Herewith I get a table from the site: http://www.bvbf.ru/food_paper.html
import requests
from bs4 import BeautifulSoup
import pandas as pd
url = 'http://www.bvbf.ru/food_paper.html'
page = requests.get(url)
soup = BeautifulSoup(page.text, 'lxml')
table1 = soup.find('table', id='table1')
headers = []
for i in table1.find_all('th'):
title = i.text
headers.append(title)
mydata = pd.DataFrame(columns = headers)
for j in table1.find_all('tr')[1:]:
row_data = j.find_all('td')
row = [i.text for i in row_data]
length = len(mydata)
mydata = mydata.append(pd.Series(row, index=mydata.columns[:len(row)]), ignore_index=True)
I get the dataframe, but get in it делий, бÑÐ. Same characters are in the html code of the page. Is there a way to convert them to the way how they appear on the site (Cyrillic letters)?
Just change this line:
soup = BeautifulSoup(page.text, 'lxml')
to this:
soup = BeautifulSoup(page.content, 'lxml')

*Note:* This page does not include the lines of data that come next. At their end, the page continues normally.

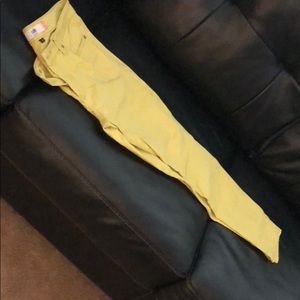 Cabi citron skinny jeans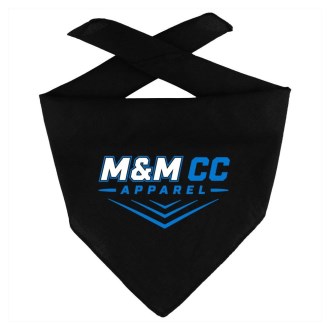 MMCC Blue Logo Bandana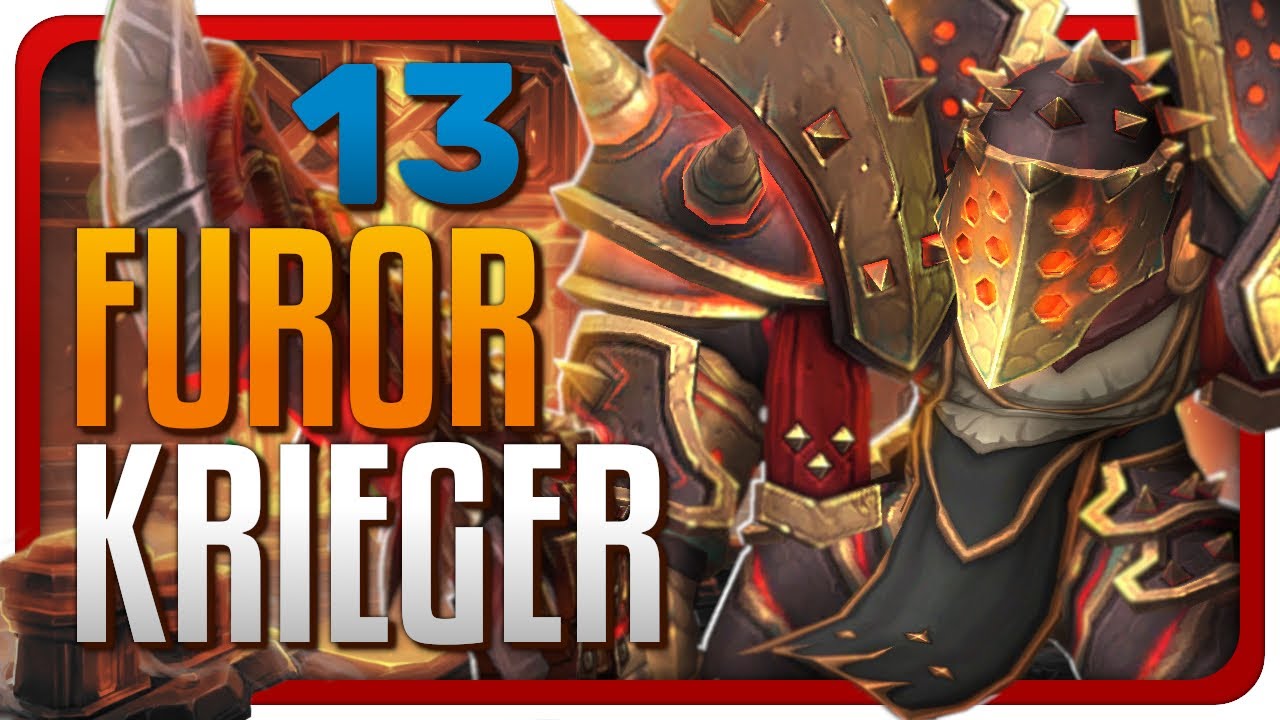 [Furor Krieger | lvl 80]  - 13 - The War Within BG Commentary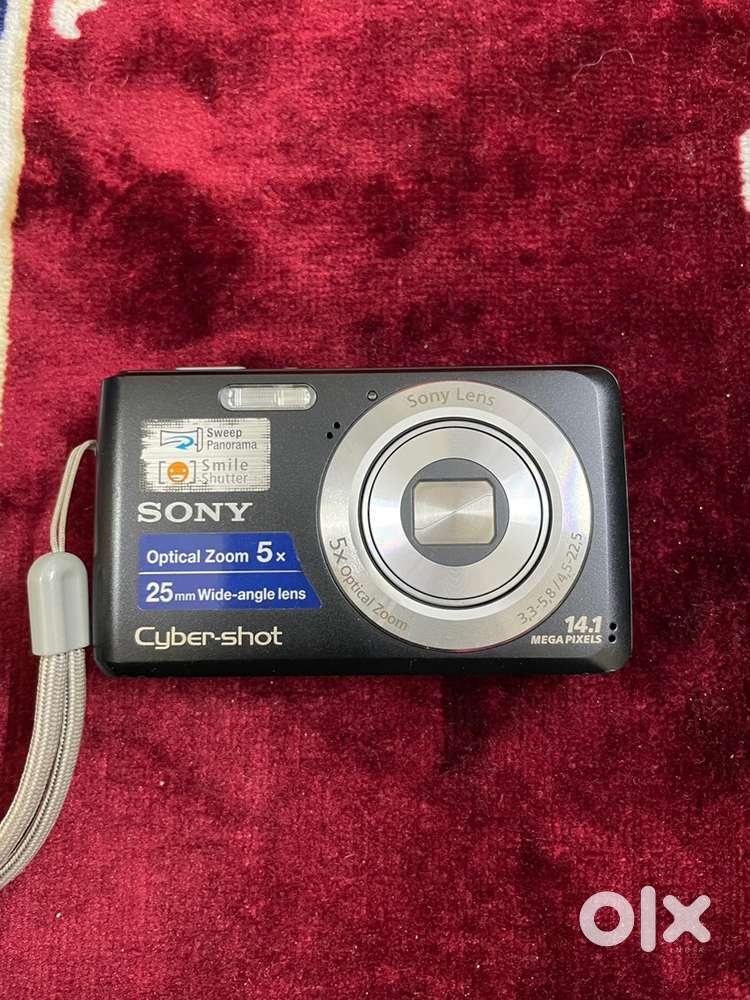 Sony DSC W520 will box and charger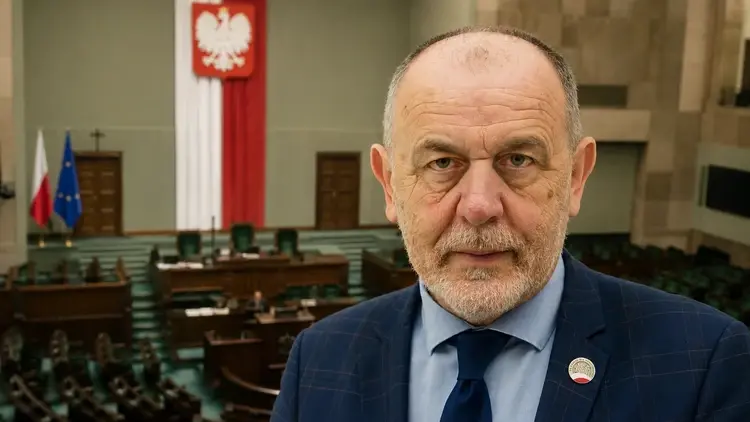 Poseł Jan Mosiński - zdjęcie wygenerowane przez AI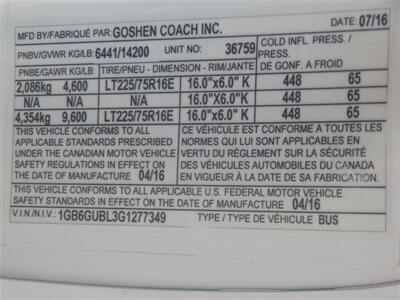 2016 CHEVROLET Express E4500   - Photo 16 - Angola, IN 46703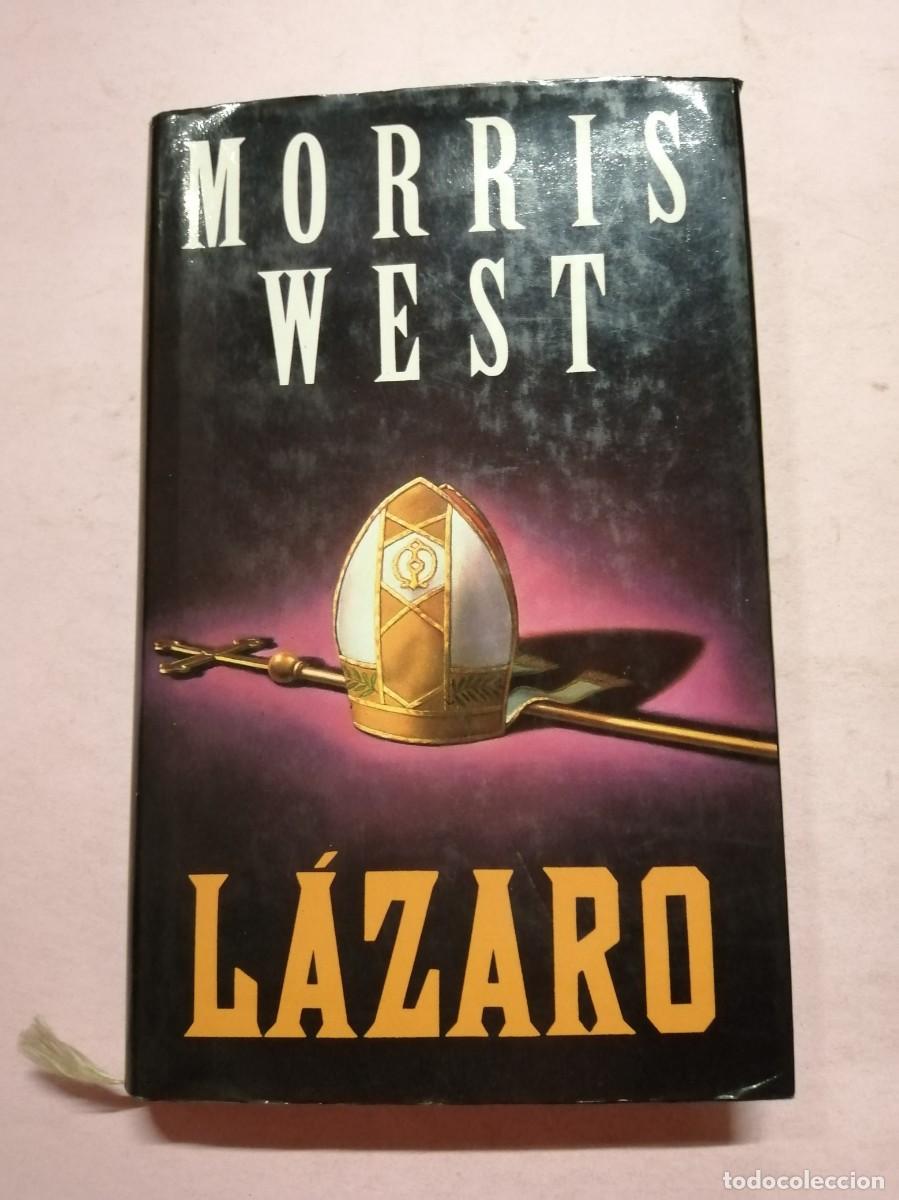 Libros de segunda mano: LAZARO (MORRIS WEST) - Foto 1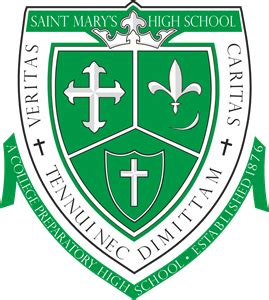 St. Mary's High School Logo PNG Vector (AI) Free Download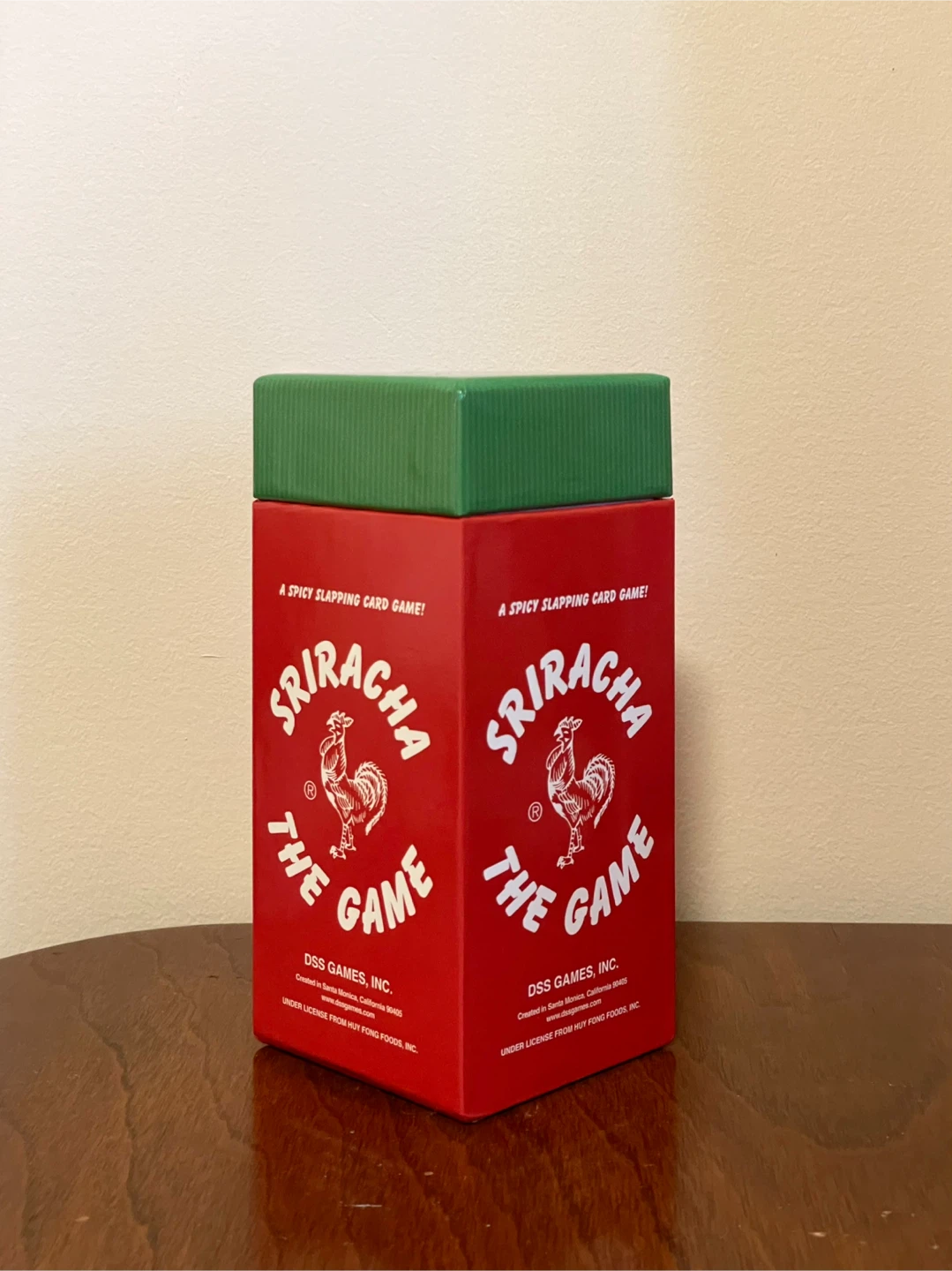 Sriracha The Game - A Spicy Slapping Card Game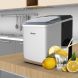Costway (EP24023) Countertop Stainless Steel Ice Maker - 2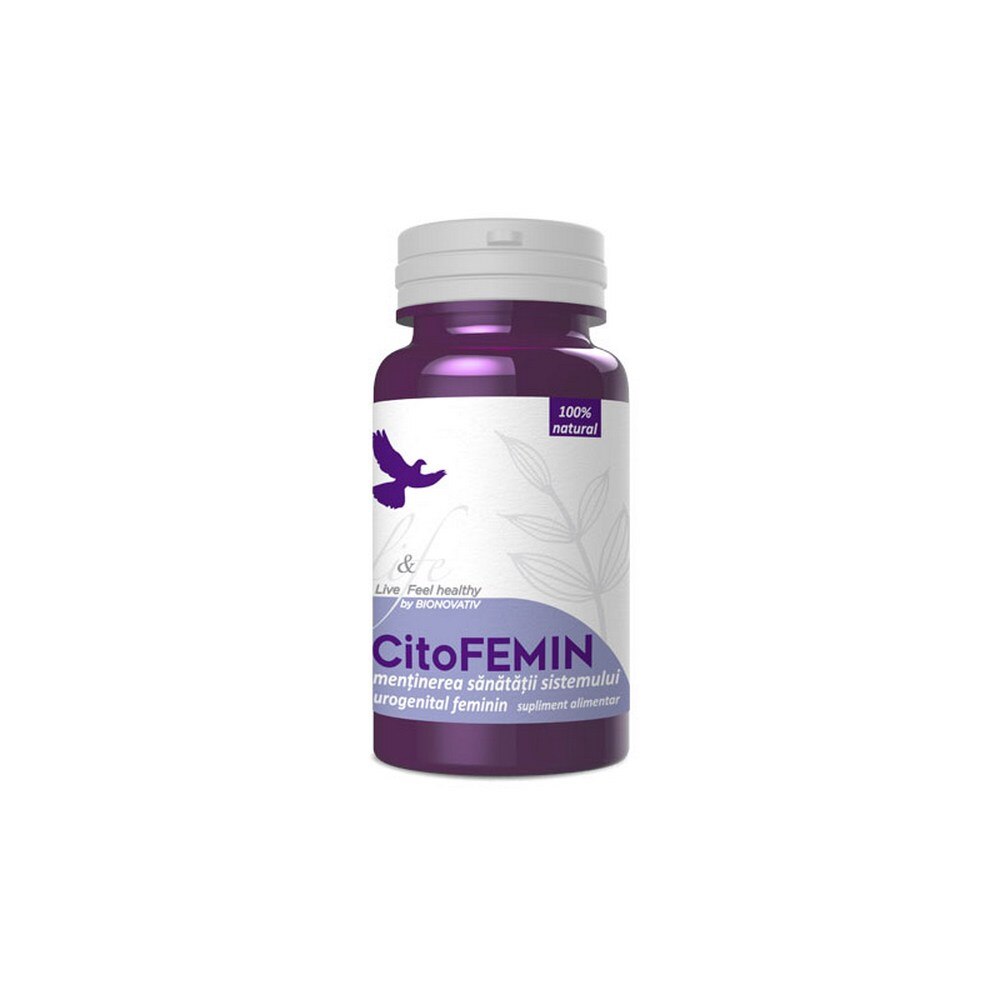 Supliment alimentar CitoFemin 120 capsule DVR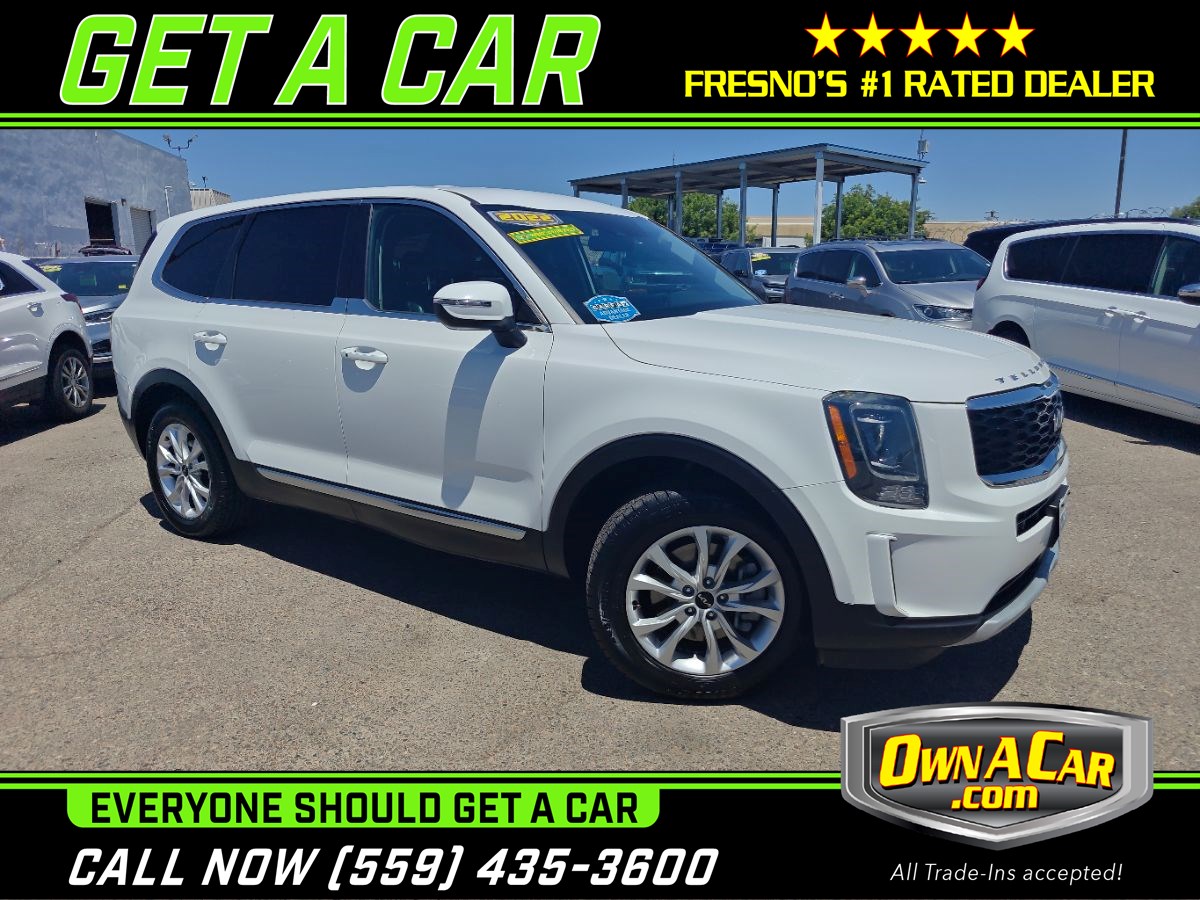 2022 Kia Telluride LX FWD's photo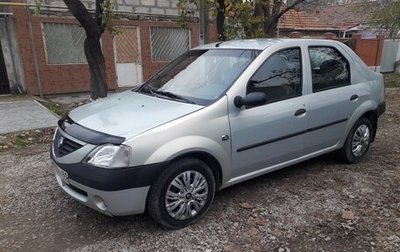 Renault Logan I, 2006 год, 350 000 рублей, 1 фотография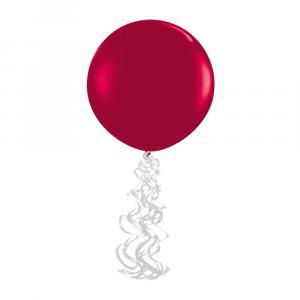 Spirale argento per palloncini - 1 conf. da 6 pz.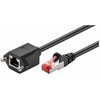 „MicroConnect Microconnect STP602SEXT“ kabelis, jungiamasis, Juodas, 2 m, Cat6 F/UTP (FTP)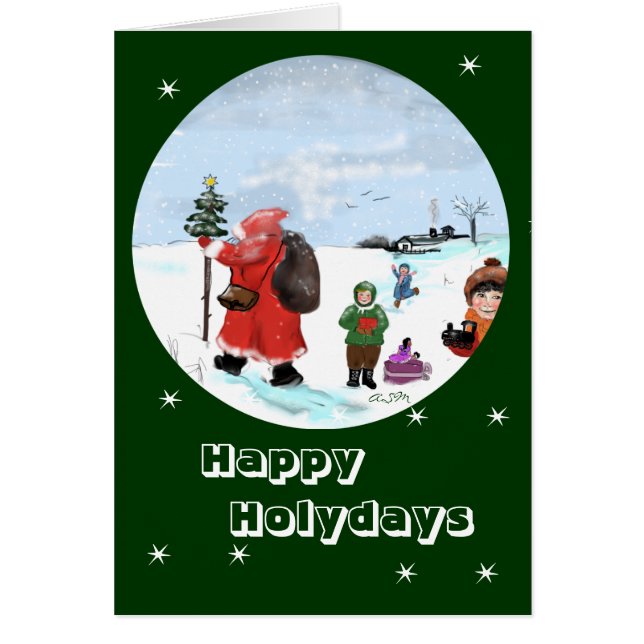 La neige...Carte grise (Devant)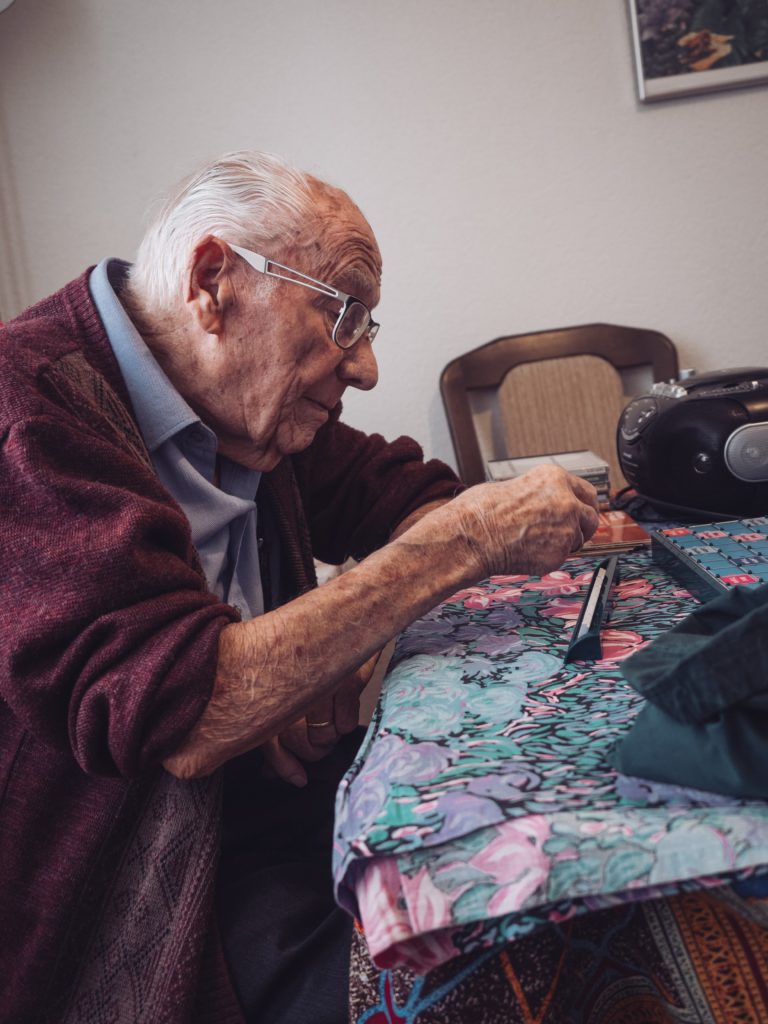 Ergothérapie gériatrique à domicile ou au cabinet R'Go Crescendo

You should get something like this:
+----+---------------------------------+---------------------+-----------------------------------+----------------------+
| | Наименование продукции | Плотность (гр/м2) | Формат (мм) | Единица измерения |
|----+---------------------------------+---------------------+-----------------------------------+----------------------|
| 0 | Оберточная бумага марки «Д» | 40-60 | 840 | тн |
| 1 | 80 | 840 | тн | nan |
| 2 | 40-60 | 1050 | тн | nan |
| 3 | 80-120 | 1050 | тн | nan |
| 4 | Бумаг оберточная / влагостойкая | 80 | 103, 107, 121, 125, 118, 120, 123 | тн |
+----+---------------------------------+---------------------+-----------------------------------+----------------------+